Но ты напрасно назвал свою книгу «Дружбой». Какая там дружба? Ее с огнем не найдешь – три разных дороги: к буржуазии, мещанству и пролетариату. И я не могу одинаково оценивать разных героев. С некоторыми деталями я тоже не могу согласиться. Хотел бы видеть другую диалектику событий. Но это уже дело вкуса».

Сделав немало упреков по поводу второстепенных персонажей, Казис кончил письмо следующими словами:

«Но это все мелочи, которые мешают читать, а вообще ты написал хорошую книгу, и я тебя поздравляю».

Я чувствовал, что вложил в роман много своих мыслей о жизни, дружбе, любви, будущем. И теперь, когда после выхода романа прошло три десятка лет, я могу листать его без стыда – я не нахожу в нем ничего, от чего хотел бы отречься.

СОЛНЦЕ В ТУЧАХ

Время было под стать клайпедской погоде от поздней осени до поздней весны – то снег, до дождь, то дождь, то снег, а истосковавшиеся по солнцу люди лишь изредка видят за перинами туч огненные лучи. И все-таки в этот год меня ждала радость.

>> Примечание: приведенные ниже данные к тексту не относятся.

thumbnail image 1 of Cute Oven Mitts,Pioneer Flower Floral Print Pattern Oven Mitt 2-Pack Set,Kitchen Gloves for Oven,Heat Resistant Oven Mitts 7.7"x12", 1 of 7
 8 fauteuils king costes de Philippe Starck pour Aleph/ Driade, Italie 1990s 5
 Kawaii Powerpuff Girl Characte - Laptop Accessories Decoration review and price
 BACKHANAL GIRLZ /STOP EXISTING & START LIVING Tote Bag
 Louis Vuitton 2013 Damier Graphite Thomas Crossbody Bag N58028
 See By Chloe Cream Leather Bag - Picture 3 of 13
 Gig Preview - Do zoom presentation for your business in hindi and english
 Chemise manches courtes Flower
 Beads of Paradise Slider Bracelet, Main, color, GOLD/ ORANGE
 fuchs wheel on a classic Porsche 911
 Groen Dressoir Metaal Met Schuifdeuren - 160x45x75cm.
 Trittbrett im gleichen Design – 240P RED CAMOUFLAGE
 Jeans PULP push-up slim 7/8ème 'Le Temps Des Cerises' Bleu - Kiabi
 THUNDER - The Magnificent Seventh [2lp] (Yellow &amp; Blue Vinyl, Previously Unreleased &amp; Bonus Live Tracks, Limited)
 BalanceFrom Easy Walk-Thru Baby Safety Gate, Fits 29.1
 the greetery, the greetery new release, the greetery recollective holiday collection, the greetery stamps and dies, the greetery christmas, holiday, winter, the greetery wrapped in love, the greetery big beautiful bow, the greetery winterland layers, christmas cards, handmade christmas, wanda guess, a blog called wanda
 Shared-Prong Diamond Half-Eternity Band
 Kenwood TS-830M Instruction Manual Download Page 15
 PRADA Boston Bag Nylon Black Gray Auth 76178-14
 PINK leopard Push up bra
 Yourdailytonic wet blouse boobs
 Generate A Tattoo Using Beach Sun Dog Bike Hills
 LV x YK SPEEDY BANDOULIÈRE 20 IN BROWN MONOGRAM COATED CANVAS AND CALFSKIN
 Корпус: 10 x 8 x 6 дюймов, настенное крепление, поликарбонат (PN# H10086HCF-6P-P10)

В январе целую неделю у меня гостил Цвирка. Много часов мы говорили о литературе. Пятрас рассказывал о недавно прочитанных книгах. Любимыми его авторами становились Толстой, Чехов, Флобер, Мопассан. Французских писателей он уже читал в оригинале. В эти январские дни у нас возникла идея подготовить томик прозы Пушкина к столетию со дня его смерти. С каким восхищением Цвирка переводил «Пиковую даму», «Историю села Горюхина»!

Переводить хорошего писателя – отличная школа для каждого пишущего человека.

– Я чувствую, – говорил он, – что один перевод «Пиковой дамы» дает мне как писателю куда больше, чем чтение десяти книг наших литераторов. Какое мастерство сюжета! И какими простыми средствами! Какая экономия слова! Никакой позы! Величайшая простота, и как все это действует!

В Верхней Фреде Пятрас начал собирать книги и вскоре составил небольшую, но хорошую библиотеку своих любимых писателей. Он всегда любил фольклор и теперь в своей библиотеке собрал много изданий, начиная со сказок Афанасьева и Басанавичюса.

– Книги я люблю, словно они живые, – говорил он. – Я люблю, чтобы они не только были интересны по содержанию, но и имели привлекательный вид.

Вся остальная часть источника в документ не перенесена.